• _Exercise data_
# # # # #

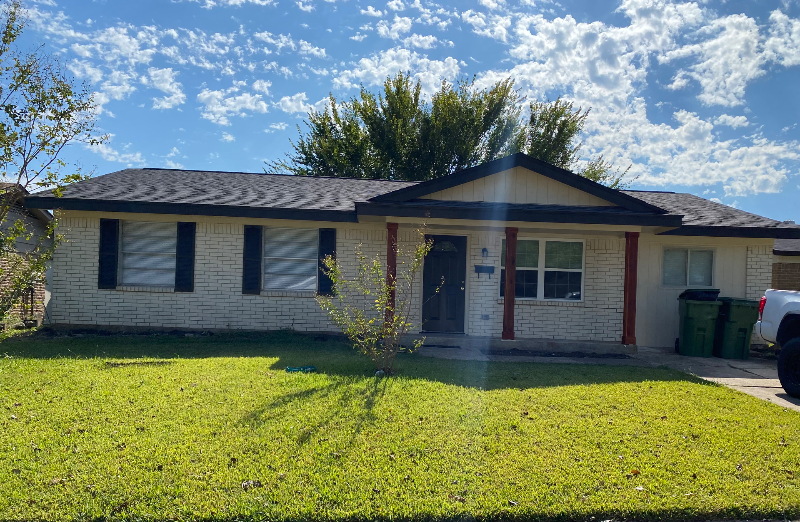 Garland House: 710 McDivitt dr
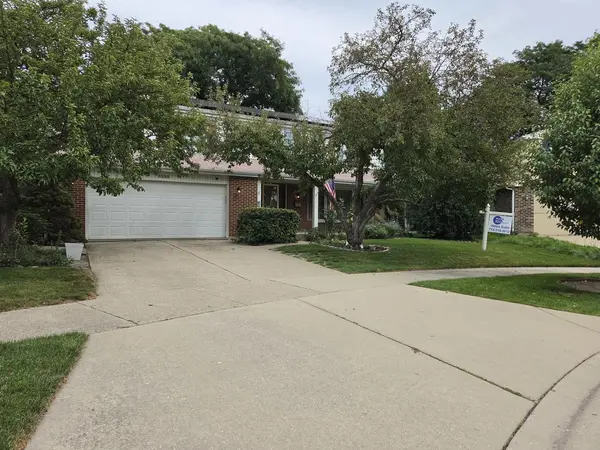 3235 N Volz DR E, Arlington Heights, IL 60004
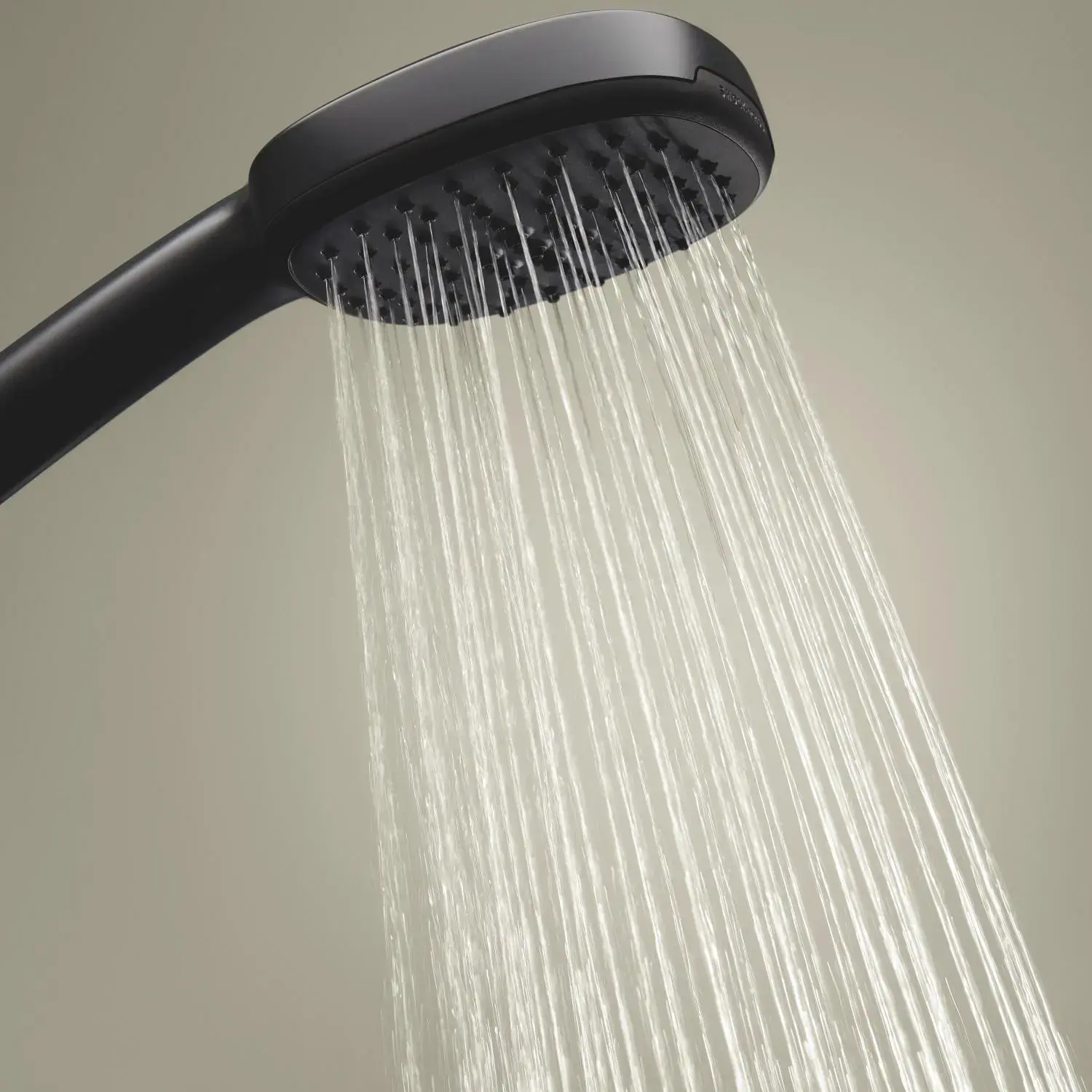 Душовий гарнітур з 2 типами струменю Vitalio Comfort 110 QuickFix Grohe 263992431 — ракурс 3/4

# # # # #

• _Instructions to follow_
Without the pictures, retype exactly the lines from the one that holds "3235 N Volz" to the last line of the data above, both of them included.

• _Task answer_
 3235 N Volz DR E, Arlington Heights, IL 60004
 Душовий гарнітур з 2 типами струменю Vitalio Comfort 110 QuickFix Grohe 263992431 — ракурс 3/4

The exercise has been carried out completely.